# need some serious advice (leaky gas related)



## destiny_hope92 (Apr 3, 2016)

I have been dealing with the symptoms of gas& bloating problems for many years but I was able to manage to get through social situations like school and work. It was mild in the beginning but later on it took a toll on my life

for the past two years or so I have been experiencing leaky gas where flatulence just leaks out for no apparent reason multiple times a day non stop. I feel like I have social anxiety now because its hard to go to school and work for fear of passing gas. I have even left my job because of this and have been looking for constant cures with no avail.

I have visited countless doctors that just tell me its just a symptom of ibs and to take over the counter prescription medication like beano or Metamucil. I feel like its a bacterial infection because around that time I traveled abroad to Africa and while there I had stomach viruses and diarrhea for the entire duration of the trip. I feel like I may have caught a virus or some sort of bacterial overgrowth that stayed in my system since then. I was also diagnosed with brucellosis because of drinking unpasteurized milk.

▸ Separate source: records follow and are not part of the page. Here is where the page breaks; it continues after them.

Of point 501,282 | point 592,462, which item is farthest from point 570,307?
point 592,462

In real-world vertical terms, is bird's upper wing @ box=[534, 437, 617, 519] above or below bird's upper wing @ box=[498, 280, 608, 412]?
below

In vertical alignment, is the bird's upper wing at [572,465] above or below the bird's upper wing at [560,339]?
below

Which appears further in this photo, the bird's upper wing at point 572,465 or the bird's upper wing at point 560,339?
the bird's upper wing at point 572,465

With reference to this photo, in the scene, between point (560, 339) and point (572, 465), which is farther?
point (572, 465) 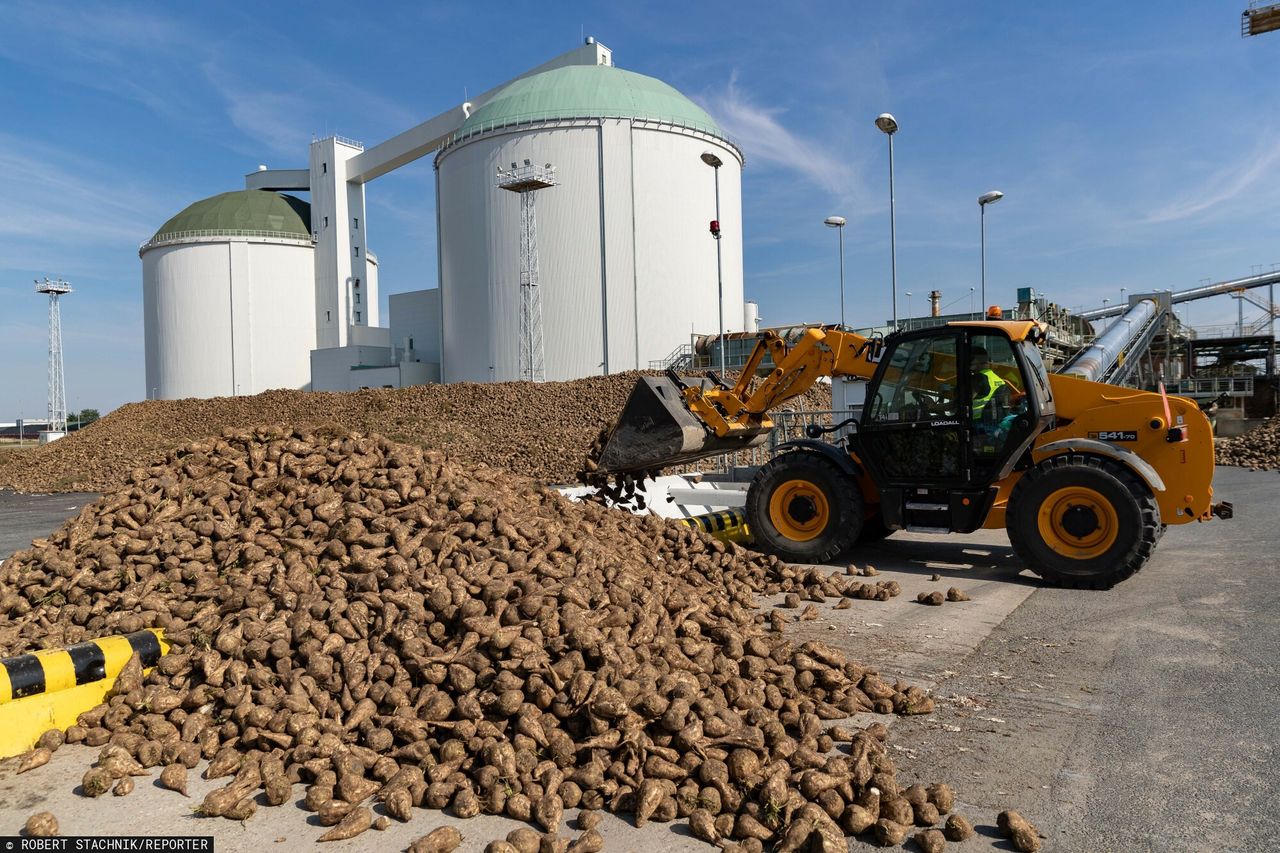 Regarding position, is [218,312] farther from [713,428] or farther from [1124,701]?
[1124,701]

My symptoms got worse and worse as time went on I remember first having a odor in my mouth that smelled like sulpher and eggs that even the strongest mouthwash could not solve. Then my intestines would rumble and gurgle all the time along with belching and burping which caused me a lot of anxiety especially in quiet places. I developed lactose intolerance which causes me not to drink and eat any milk and dairy products

All that time I was also dealing with leaky gas which is the worst of my problems. I feel the pressure of gas leaking out and I have no control over it even if I watch my diet and even abstain from food the night before it still causes the same issues.

I would really like for you all to help me out with any advice on how I could cure myself of this disease. IBS and other related digestive issues need to be more recognized in the medical field and they need to find more methods to help patients with these long term symptoms

thank you so much


----------



## mneptune (Apr 2, 2016)

There is no cure. From what I read it seems like you have SIBO rather than IBS, though. I believe you suspect that and you should consider getting a breath test for SIBO. Second, antibiotics will help. Finally, your are going to want to replace the bad bacteria in your stomach so look into acidophilus.

I am going to say this, though. I spend a lot of time analyzing writing and text. Who are you baiting? I am curious.


----------



## destiny_hope92 (Apr 3, 2016)

thanks for your input

I've tried asking doctors to check for sibo but they keep telling me its ibs and to just follow a fodmap diet (I have no clue what that is )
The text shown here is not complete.